Recurrent headaches such as tension type headaches and migraines lead to considerable impairment and days off work. It is often wondered what relation the neck has in relation to this most debilitating of conditions.

Neck pain often accompanies headaches and to be very technical this is a sign of an interaction between small nerves from the cervical spine and trigeminal nerve in what is called the trgeminocervical nucleus. This is located just outside the upper three neck (cervical) spinal segments, which means that any problems originating from cervical structures. Therefore pain originating from neck structures supplies by the upper neck nerves are perceived in areas supplied by the trigeminal nerve such as the front of the head, and the orbit

The spinal nucleus of the trigeminal nerve extends caudally to the outer lamina of the dorsal horn of the upper three to four cervical spinal segments. This is known as the trigeminocervical nucleus, which receives afferents from the trigeminal nerve and the upper three cervical spinal nerves. Convergence between these afferents’ accounts for the cervical-trigeminal pain referral. Therefore, pain originating from cervical structures supplied by the upper cervical spinal nerves could be perceived in areas innervated by the trigeminal nerves such as the orbit and the frontotemporoparietal region.

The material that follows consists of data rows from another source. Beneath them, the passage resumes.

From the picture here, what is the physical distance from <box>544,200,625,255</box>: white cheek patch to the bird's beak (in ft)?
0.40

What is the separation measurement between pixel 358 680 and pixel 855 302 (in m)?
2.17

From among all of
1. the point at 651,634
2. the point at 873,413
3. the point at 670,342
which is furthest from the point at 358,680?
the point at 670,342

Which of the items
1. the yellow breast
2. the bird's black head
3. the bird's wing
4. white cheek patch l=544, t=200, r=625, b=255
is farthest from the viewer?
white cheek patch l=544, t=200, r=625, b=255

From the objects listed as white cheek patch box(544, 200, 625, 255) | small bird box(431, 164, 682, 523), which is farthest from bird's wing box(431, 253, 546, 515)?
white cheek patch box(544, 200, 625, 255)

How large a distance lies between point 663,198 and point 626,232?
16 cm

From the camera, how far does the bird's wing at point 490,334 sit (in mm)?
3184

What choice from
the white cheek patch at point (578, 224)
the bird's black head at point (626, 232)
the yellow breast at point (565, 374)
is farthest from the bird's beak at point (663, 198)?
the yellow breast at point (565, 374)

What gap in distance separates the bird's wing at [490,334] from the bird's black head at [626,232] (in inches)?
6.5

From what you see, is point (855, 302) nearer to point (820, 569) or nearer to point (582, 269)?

The main difference diagnostically between tension type of headaches from the migraine type is that ranges of neck flexion, extension and rotation are usually less in patients with tension type head than migraines, additionally there is a degree of neck tenderness with patients of tension headaches.

This helps in deciding what treatment protocols can be used to relieve your headaches.

Firstly, by palpating your neck we can identify trigger points, and use manipulative treatment to help restore mobility to your neck, additionally Acupuncture can be used to help reduce pain and muscle spasm often associated with headaches.